### YOUR OBJECTIVE
Please repeat, exactly as written, every line from the one containing "2024 Polaris® RZR XP 4 1000 Sport" through the last line of the records, both included, and leave out any pictures.

------------------------------------------------------------

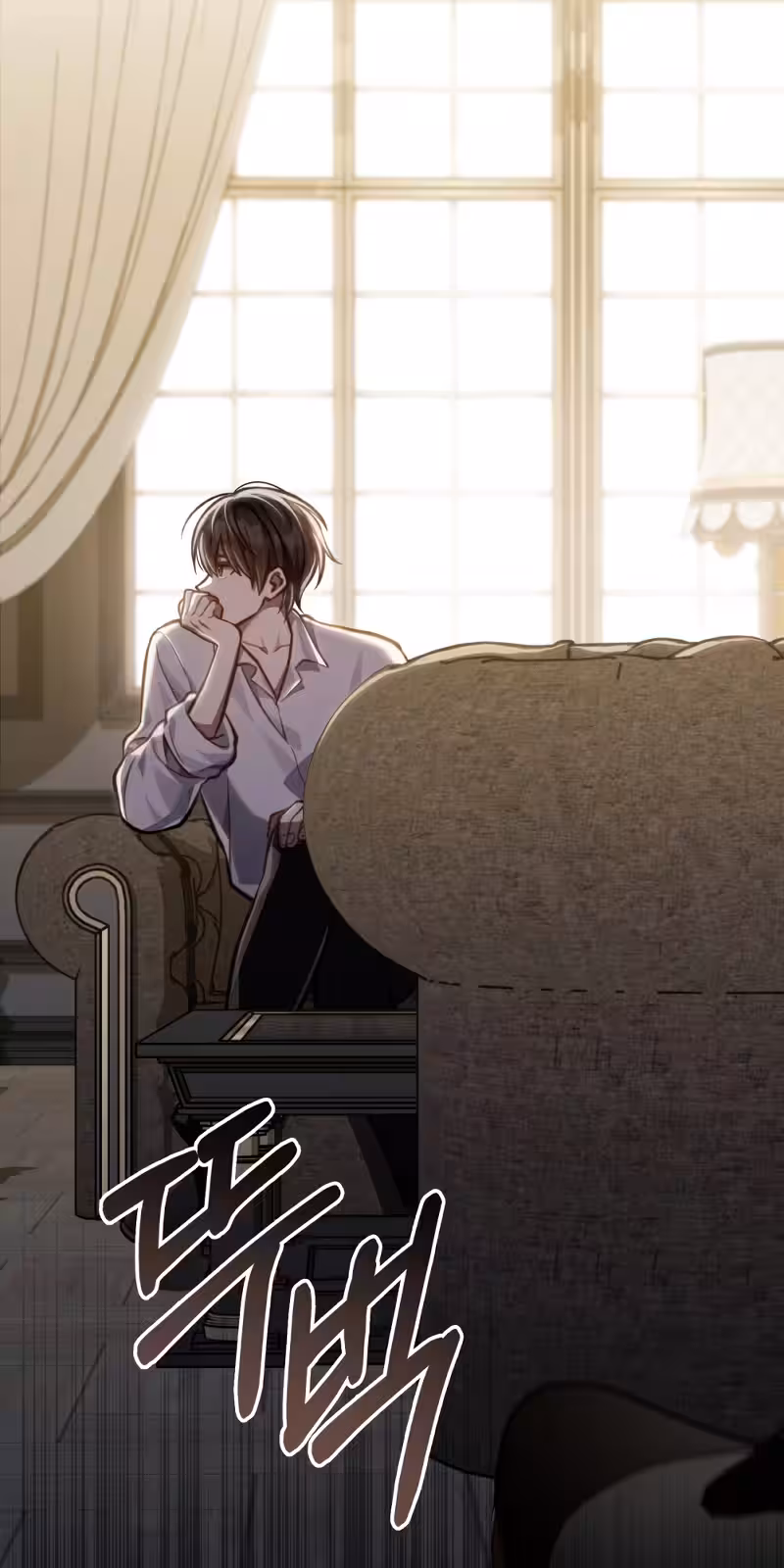 Página do Capítulo 30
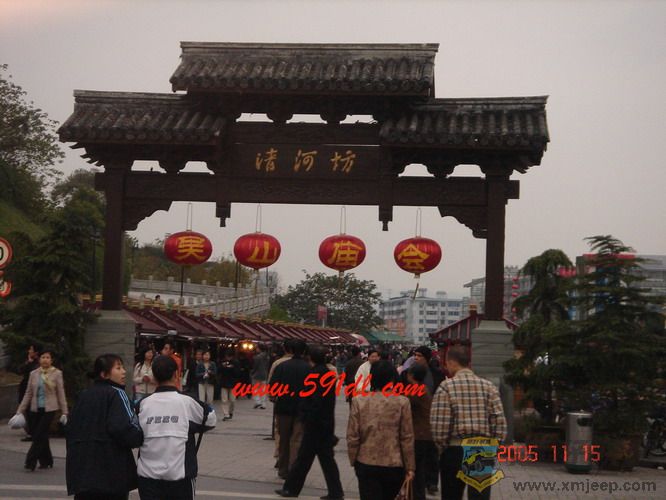 DSC02889_С.jpg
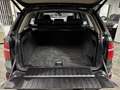 BMW X5 3.0d / Automatik Xenon Tempomat Gri - thumbnail 15
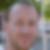 Profilbild von Gerhard Sprickerhof
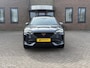 CUPRA Formentor 1.5 TSI Schuifdak Bucket Virtual 360 Camera Navi Carplay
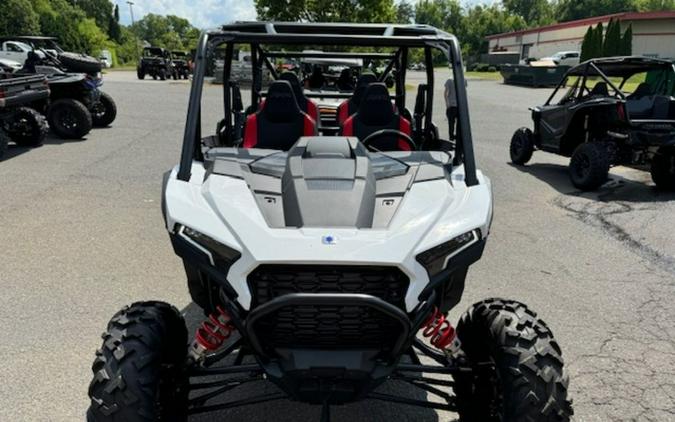 2024 Polaris® RZR XP 4 1000 Sport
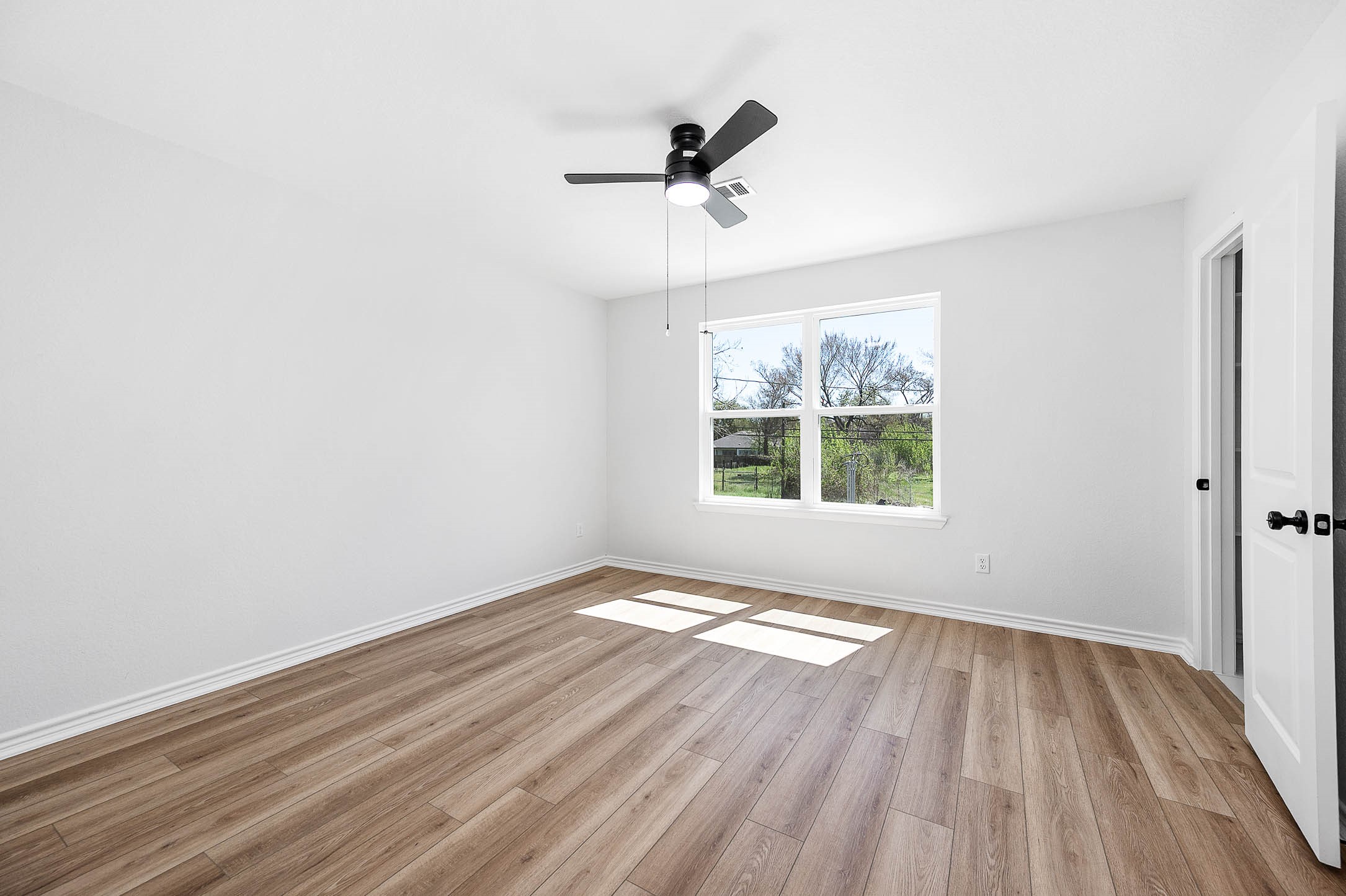 2020 Hampton Street A B Property Photo 17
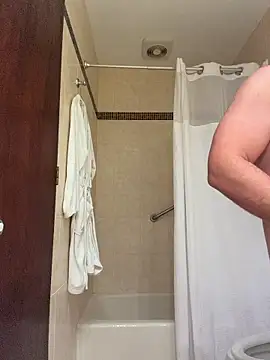 JonJ0 online show from February 5, 9:03 am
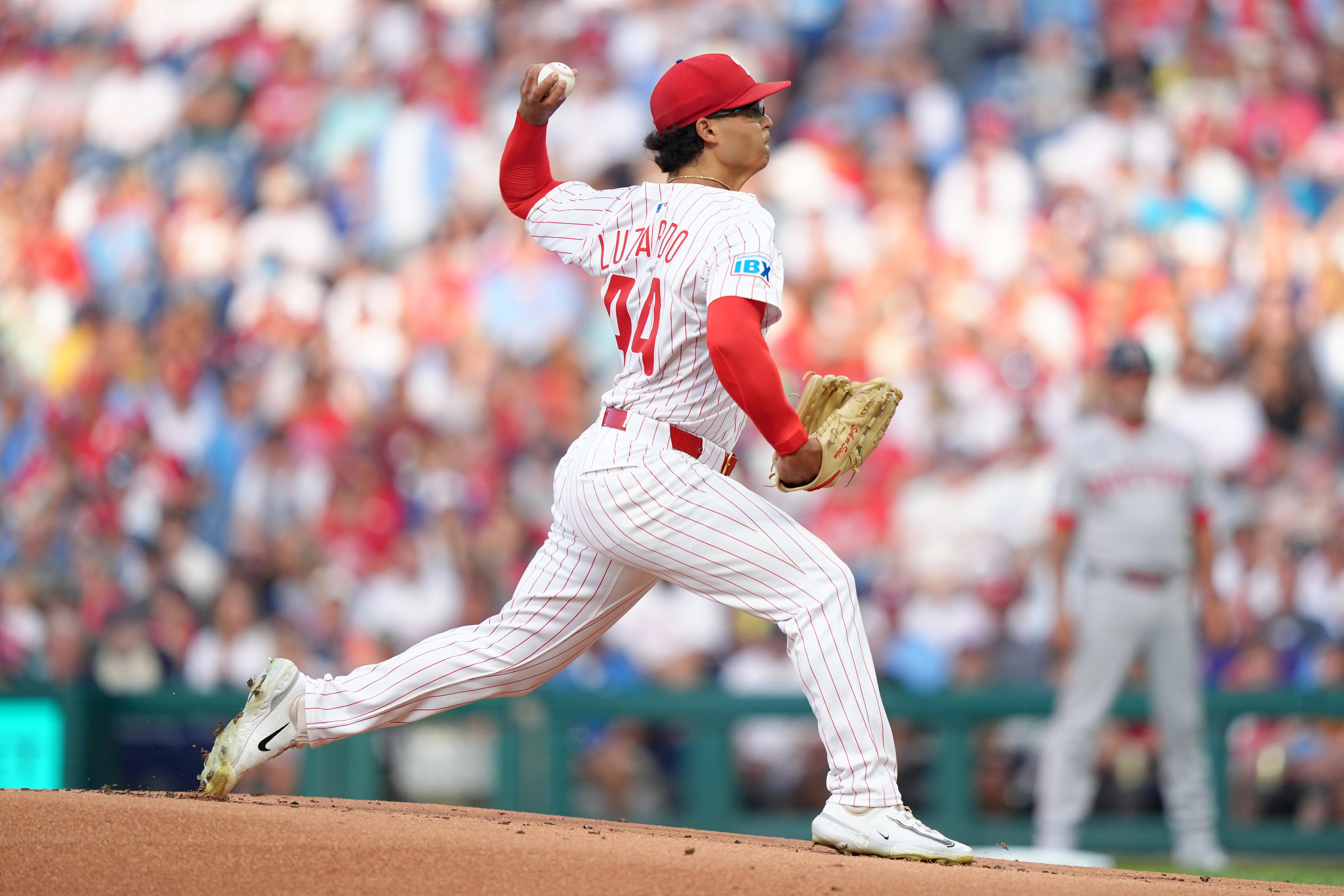 what-channel-is-philadelphia-phillies-game-on-wednesday-how-to-watch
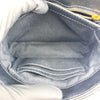 https://tbc-image-proxy.thebrandcollector.workers.dev/e8928aa5a5cf2c69?url=https://image.fapis.io/media/shop/goods-image/114b22e0-a9b2-4788-a3b2-577b974192a4_18.jpeg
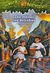 2009, Murdocca, Sal (Murdocca, Sal), Στις στάχτες του Βεζούβιου, , Osborne, Mary Pope, Modern Times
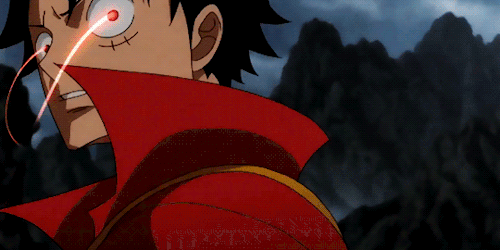 Anime-backgrounds GIFs - Get the best GIF on GIPHY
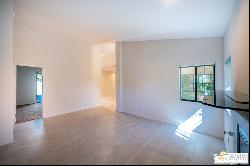 1399 N Via Donna, Palm Springs CA 92262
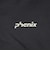 PHENIX（PHENIX）カラージッパージャケット スキーウェア ESM25OT33BLACK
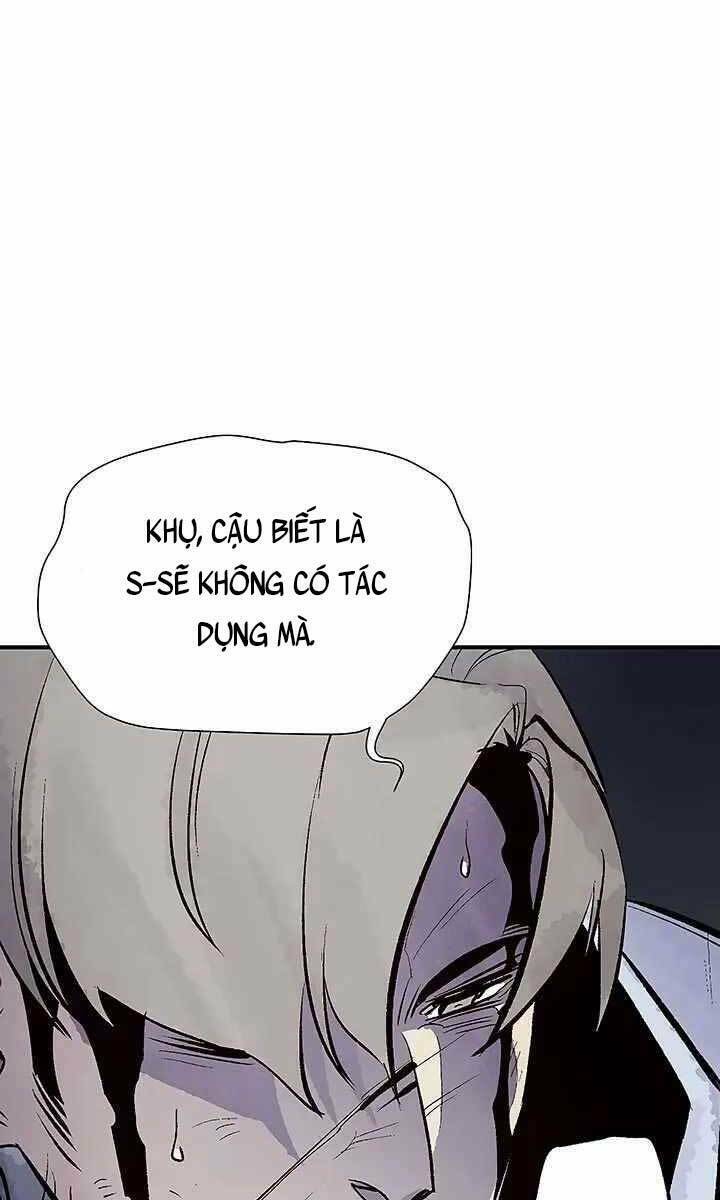 Độc Cô Tử Linh Sư - Chapter 70 - Page 80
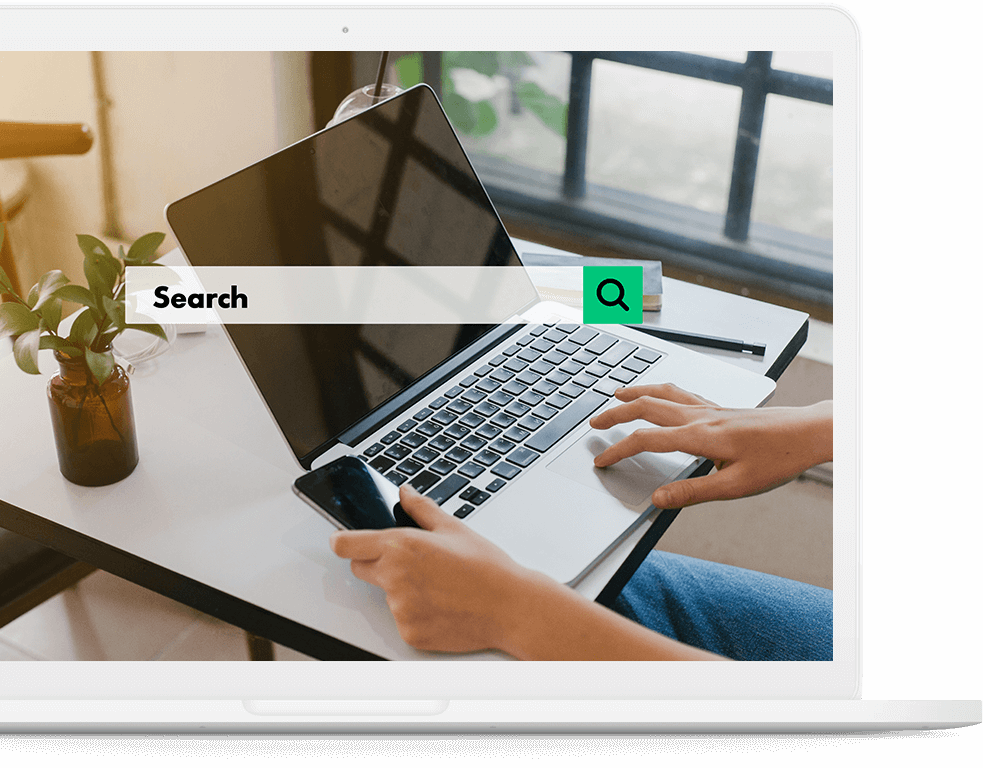 Search Engine Optimization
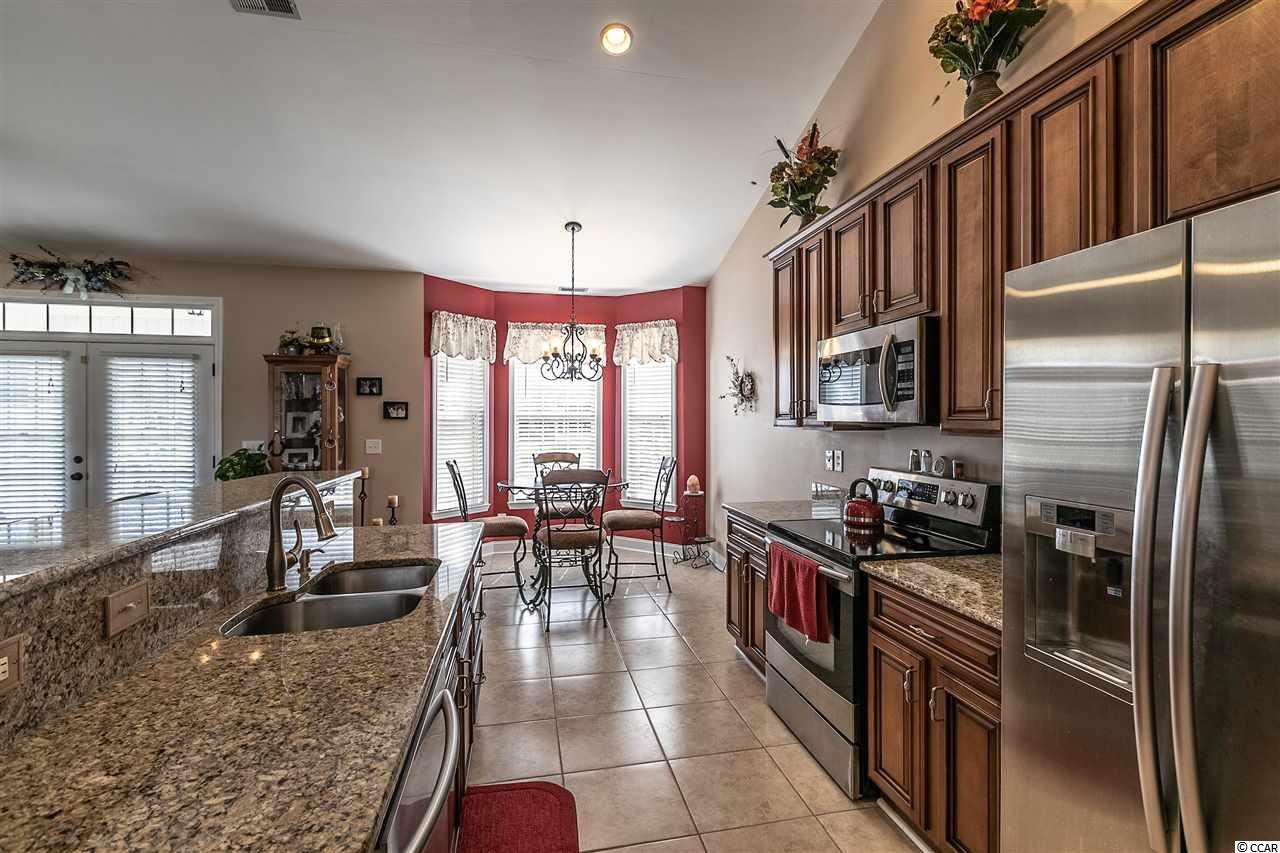 183 Governors Loop Myrtle Beach, SC 29588 - Photo 11 of 25 Gallery Image 11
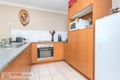 Property photo of 5 Camden Street Caboolture QLD 4510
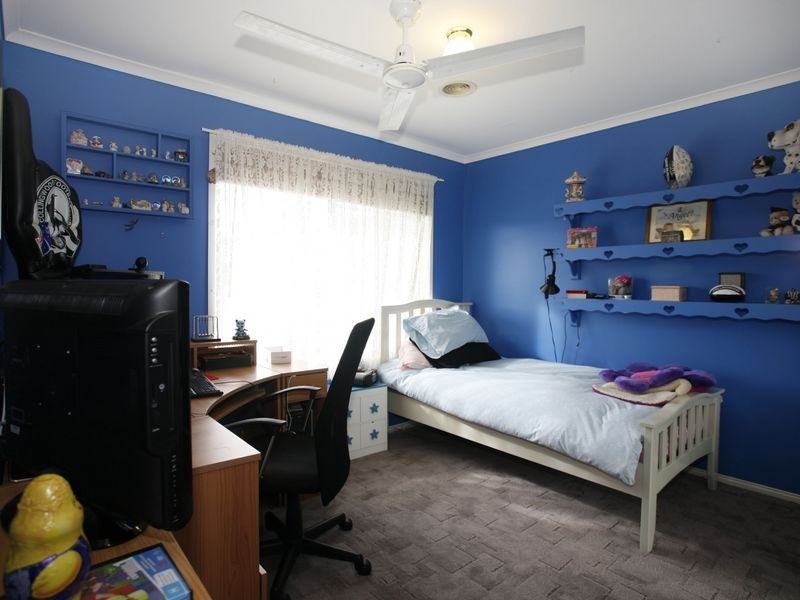 8 Benor Court, Pakenham VIC 3810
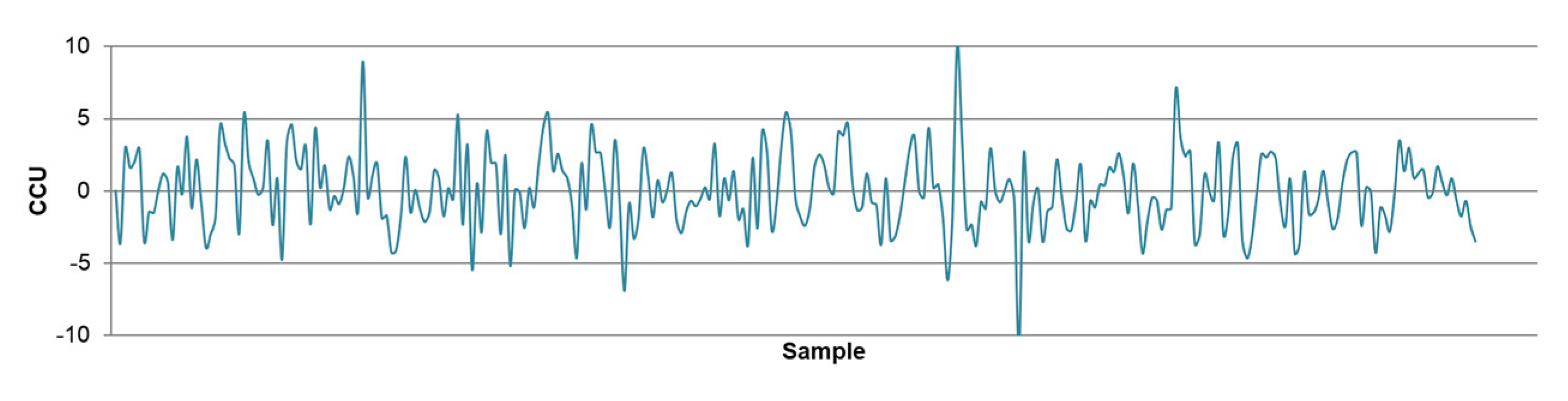 Minerals 12 01493 g0a29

------------------------------------------------------------

### ANSWER TO THIS EXERCISE
 2024 Polaris® RZR XP 4 1000 Sport
 2020 Hampton Street A B Property Photo 17
 JonJ0 online show from February 5, 9:03 am
 what-channel-is-philadelphia-phillies-game-on-wednesday-how-to-watch
 https://tbc-image-proxy.thebrandcollector.workers.dev/e8928aa5a5cf2c69?url=https://image.fapis.io/media/shop/goods-image/114b22e0-a9b2-4788-a3b2-577b974192a4_18.jpeg
 2009, Murdocca, Sal (Murdocca, Sal), Στις στάχτες του Βεζούβιου, , Osborne, Mary Pope, Modern Times
 Anime-backgrounds GIFs - Get the best GIF on GIPHY
 1399 N Via Donna, Palm Springs CA 92262
 PHENIX（PHENIX）カラージッパージャケット スキーウェア ESM25OT33BLACK
 Độc Cô Tử Linh Sư - Chapter 70 - Page 80
 Search Engine Optimization
 183 Governors Loop Myrtle Beach, SC 29588 - Photo 11 of 25 Gallery Image 11
 Property photo of 5 Camden Street Caboolture QLD 4510
 8 Benor Court, Pakenham VIC 3810
 Minerals 12 01493 g0a29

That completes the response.